[[ EXERCISE DATA, beginning ]]

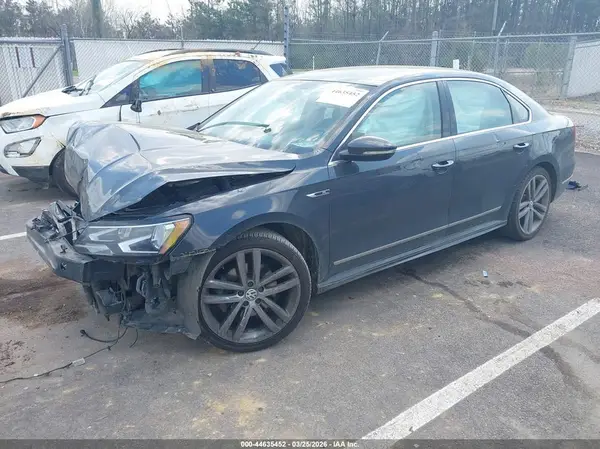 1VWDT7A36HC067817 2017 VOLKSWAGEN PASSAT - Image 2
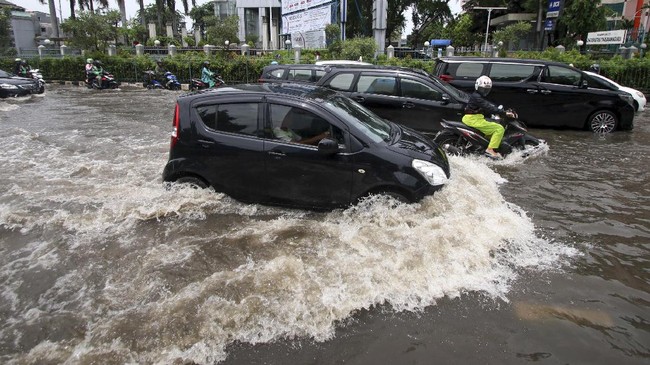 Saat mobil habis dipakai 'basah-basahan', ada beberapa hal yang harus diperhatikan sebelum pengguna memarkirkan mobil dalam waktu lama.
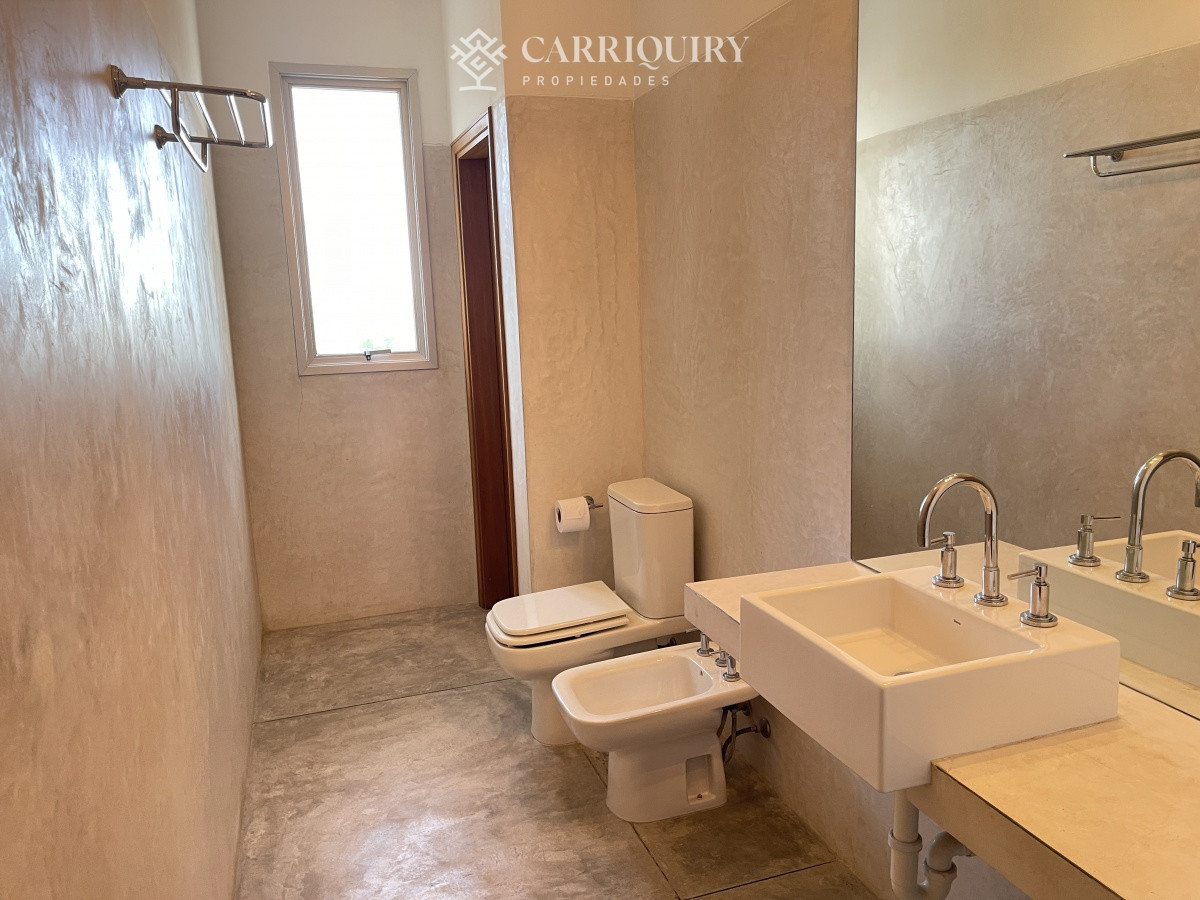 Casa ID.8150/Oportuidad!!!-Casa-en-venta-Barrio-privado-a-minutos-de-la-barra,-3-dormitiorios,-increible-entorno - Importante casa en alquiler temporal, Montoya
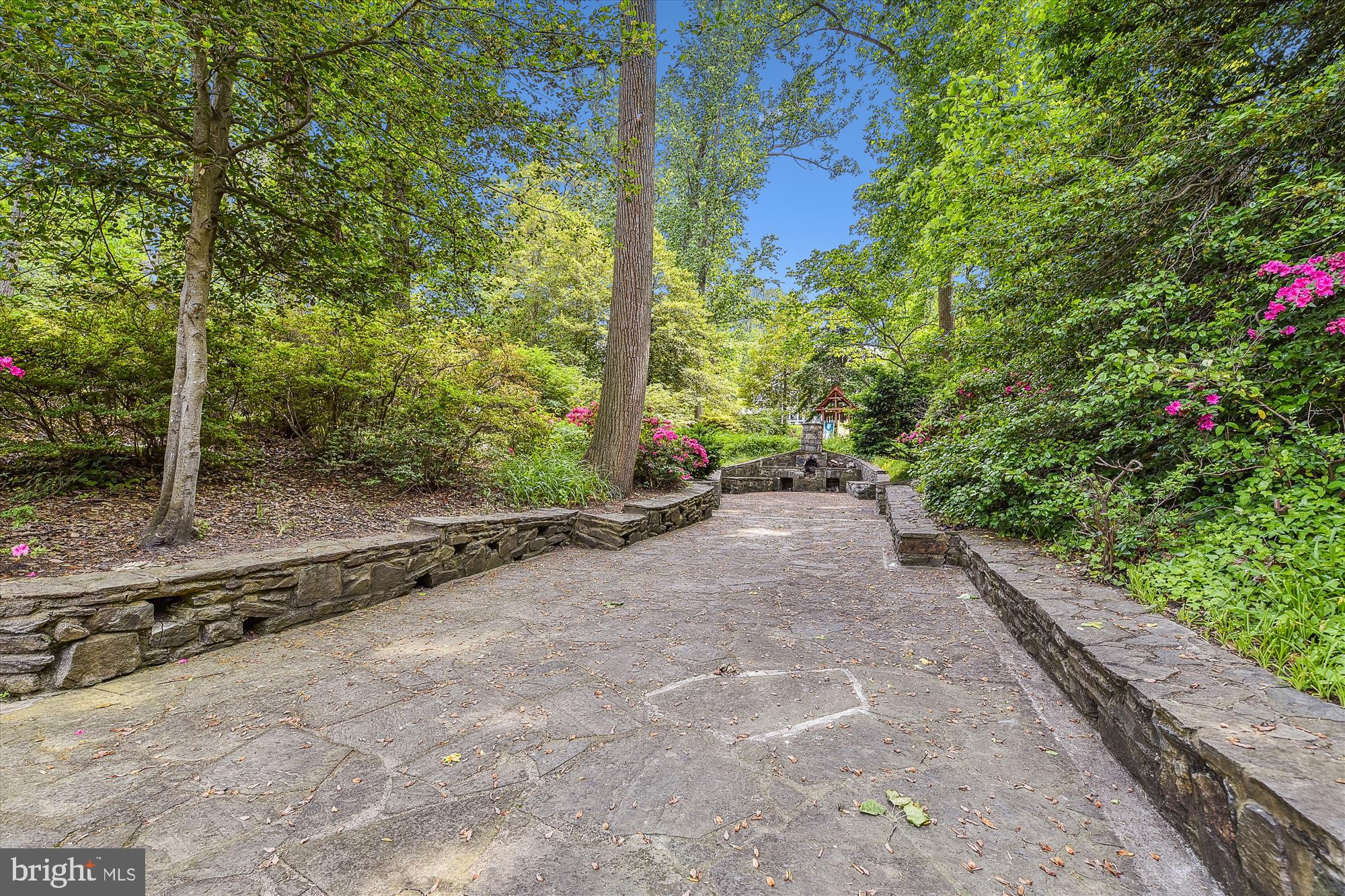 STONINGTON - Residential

[[ EXERCISE DATA, end ]]

* [TASK]: Please print the listing above again word for word, without its pictures.

* [YOUR SOLUTION]:
 1VWDT7A36HC067817 2017 VOLKSWAGEN PASSAT - Image 2
 Saat mobil habis dipakai 'basah-basahan', ada beberapa hal yang harus diperhatikan sebelum pengguna memarkirkan mobil dalam waktu lama.
 Casa ID.8150/Oportuidad!!!-Casa-en-venta-Barrio-privado-a-minutos-de-la-barra,-3-dormitiorios,-increible-entorno - Importante casa en alquiler temporal, Montoya
 STONINGTON - Residential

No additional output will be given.